Career Change: When the pain of staying exceeds the pain of movement

“I finally had enough.” Stan said. Having endured 14 years of low enjoyment, high pressure, work at a large corporation in Stamford, CT, Stan said that he had stayed so long because thoughts of leaving either left him confused or anxious. Finally, after a so-so year end review, he thought to himself that he had stayed only because he never was forced to leave. His reviews had always been above average. Now, he started to worry that his job could be in jeopardy. With lack of security on top of dislike for his job, he finally “had enough.”
Through the years of working with career changers, I’ve noticed that most people do not move unless forced.
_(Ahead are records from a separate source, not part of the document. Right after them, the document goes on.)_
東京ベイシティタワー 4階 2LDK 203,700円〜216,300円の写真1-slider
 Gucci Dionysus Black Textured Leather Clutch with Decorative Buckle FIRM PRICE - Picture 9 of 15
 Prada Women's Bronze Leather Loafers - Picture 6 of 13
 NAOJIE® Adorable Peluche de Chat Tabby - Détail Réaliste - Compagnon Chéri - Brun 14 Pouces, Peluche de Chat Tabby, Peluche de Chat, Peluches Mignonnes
As you examine your career in 2016, consider that you are in a much better position to change careers when you are not desperate.  A few years ago, Pfizer’s Connecticut reorganization set in motion a process that disrupted hundreds of jobs in Southeastern, CT.  Those that met with me in anticipation of the move (the rumor mill was in high well before the official announcement) pretty much all did very well in transition.  Career change takes time.  Those who sought help from a career coach before getting terminated were in good position to seek new employment compared to those who waited until they were officially unemployed.  
General Electric is undergoing a similar transition in 2016. Those in Fairfield County who either work for GE or who are dependent on GE’s presence (lots of vendors that service GE are worried) should embrace the “pain of movement” now.